WHAT THE TASK REQUIRES> Your response should be an exact transcription of the data, images excluded.

Collected data entries>

------------------------------------

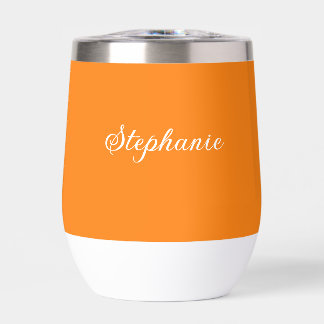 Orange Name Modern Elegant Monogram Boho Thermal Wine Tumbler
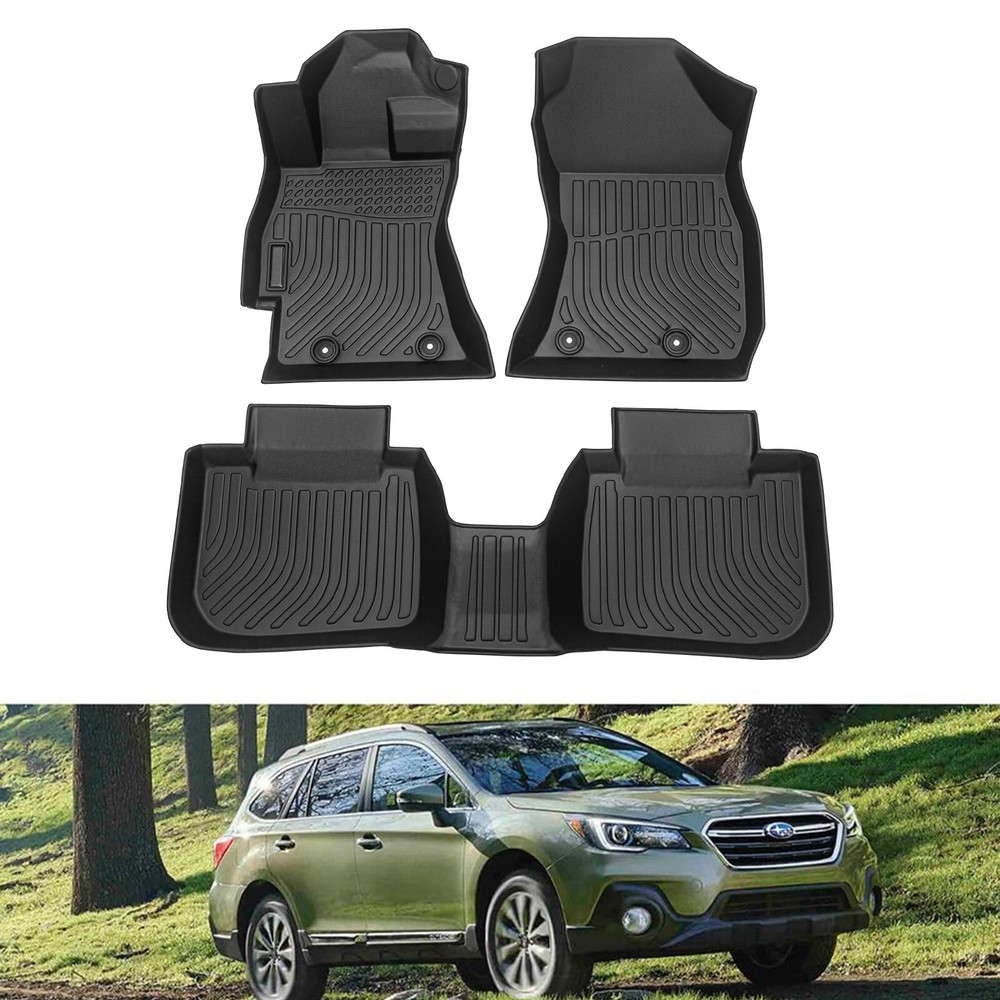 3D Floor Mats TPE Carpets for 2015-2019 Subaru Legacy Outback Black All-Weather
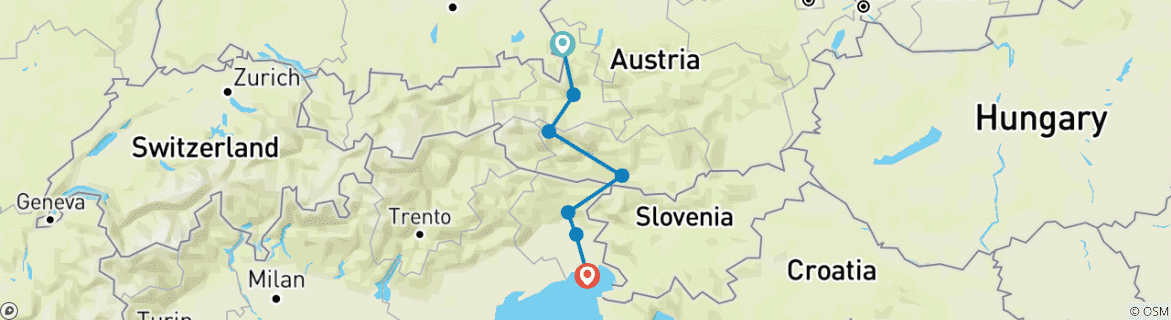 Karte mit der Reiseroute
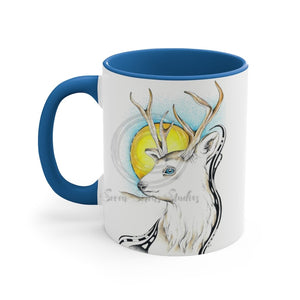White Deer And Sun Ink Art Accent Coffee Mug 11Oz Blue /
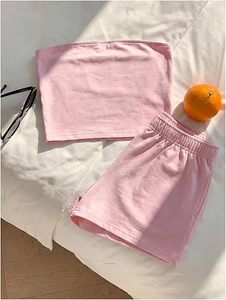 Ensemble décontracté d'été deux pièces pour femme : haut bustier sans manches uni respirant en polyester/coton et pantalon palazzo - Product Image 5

------------------------------------

TASK OUTPUT>
 Orange Name Modern Elegant Monogram Boho Thermal Wine Tumbler
 3D Floor Mats TPE Carpets for 2015-2019 Subaru Legacy Outback Black All-Weather
 Karte mit der Reiseroute
White Deer And Sun Ink Art Accent Coffee Mug 11Oz Blue /
 Ensemble décontracté d'été deux pièces pour femme : haut bustier sans manches uni respirant en polyester/coton et pantalon palazzo - Product Image 5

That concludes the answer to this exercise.